Tokyo city officials intending to buy tiny islands, the Diayoutais (釣魚台), at the center of a longtime territorial dispute with China, traveled by boat yesterday to survey the area ahead of the purchase they hope will bolster Japan’s claim.
The five uninhabited islands in the East China Sea, known as Senkaku in Japan and Diaoyu in China, are controlled by Japan, but also claimed by China and Taiwan, and have become a major symbol of patriotic pride for some people in China and Japan. They are near key sea lanes and surrounded by rich fishing grounds and untapped natural resources.
Tokyo Governor Shintaro Ishihara has already raised ￥1.45 billion (US$19 million) in private donations over the last several months to buy the islands from individual Japanese owners.

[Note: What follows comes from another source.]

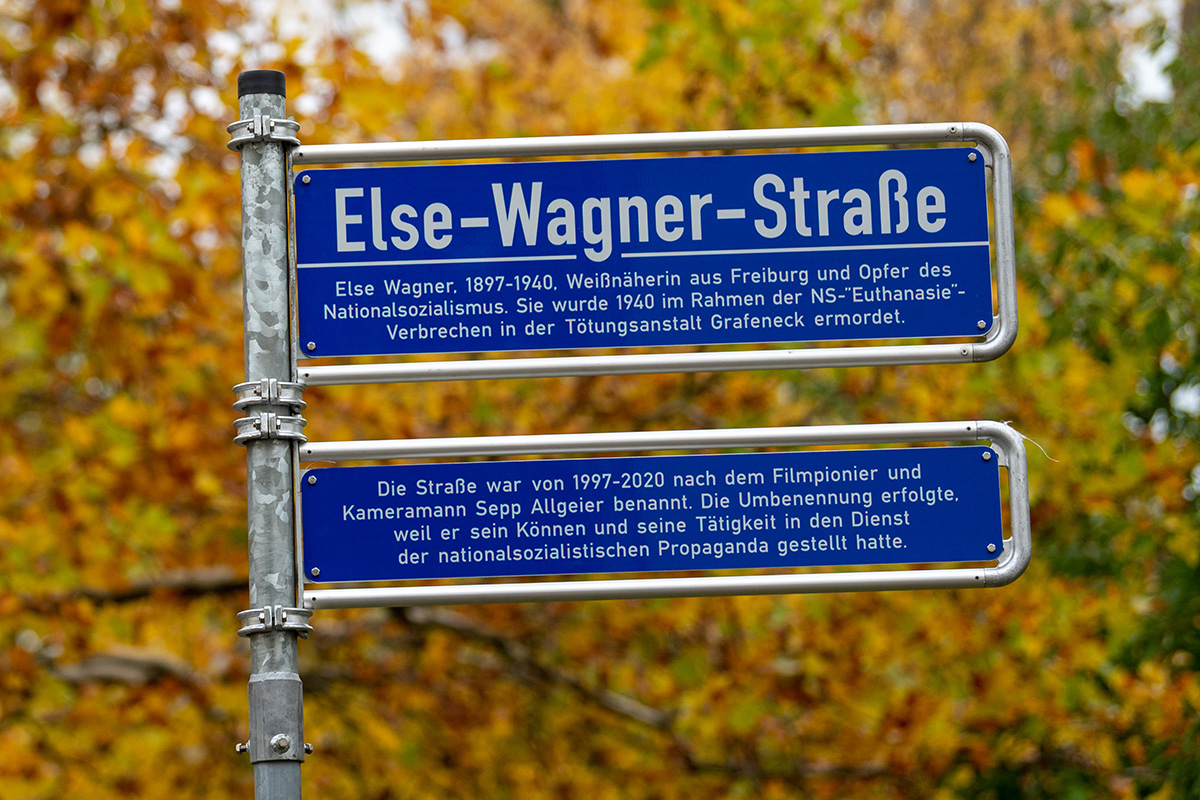 Else-Wagner-Straße (ehemalige Sepp-Allgeier-Straße)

Ishihara, a popular nationalist and prize-winning fiction writer, told reporters on Friday he had spoken with Japanese Prime Minister Yoshihiko Noda, and offered to turn over ownership to the central government for free.

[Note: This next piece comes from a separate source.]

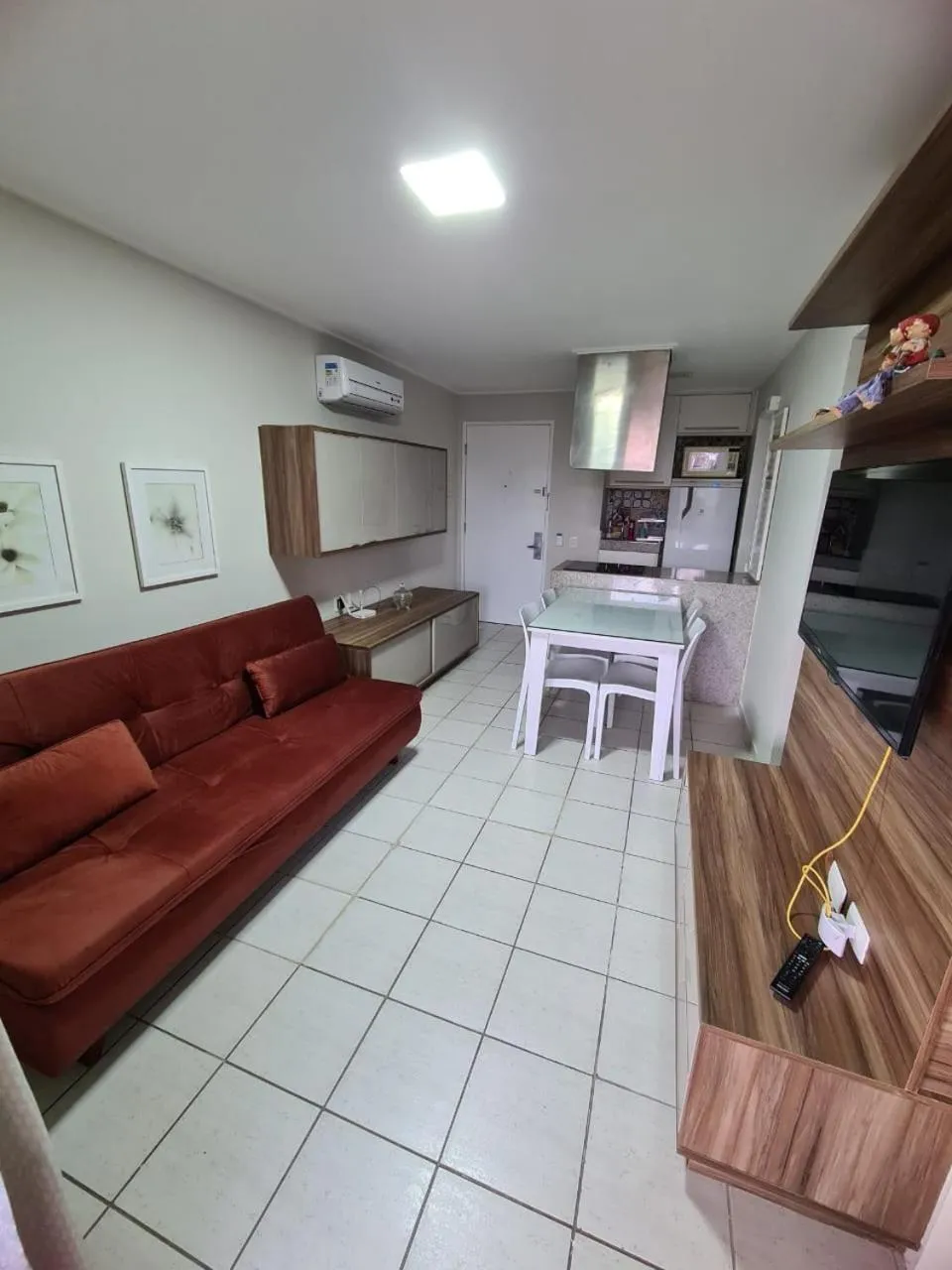 Living room in Muro Alto Flat Beach Class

The Japanese think having the government own the islands will strengthen their control over them, and send a tougher message to China. Noda said he would consider the proposal, but did not have an immediate reply, Ishihara said.
The city government says the purpose of the trip, composed of a team of 25 experts and officials, is to survey the area to assess real-estate value in preparation for the purchase. The central government did not grant permission to land on the islands, possibly to avoid a flare-up of tensions with China. No official reason was given.
The boat, which was scheduled to leave southwestern Japan late yesterday, will circle the islands today for about 10 hours to study the area, check out animal and plant life, and measure the depth of the coastal waters, according to the city government.
Ishihara wants to eventually build a lighthouse, a dock and weather observatory on the islands. He has expressed interest in going to the islands, possibly next month, but is not part of this weekend voyage.
Last month, Japan detained and later released 14 Hong Kong activists who landed on the islands. Japanese activists have made similar trips. One such group, including several lawmakers, landed a few days after the Chinese were detained.
Hundreds of Chinese have staged anti-Japanese demonstrations in several Chinese cities over the islands.
Anti-Japanese sentiments run deep in China because of bitter memories of atrocities committed by imperialist Japanese soldiers during World War II.
Earlier this week, a car carrying the Japanese ambassador to China was attacked by a man who ripped the Japanese flag off. No one was injured.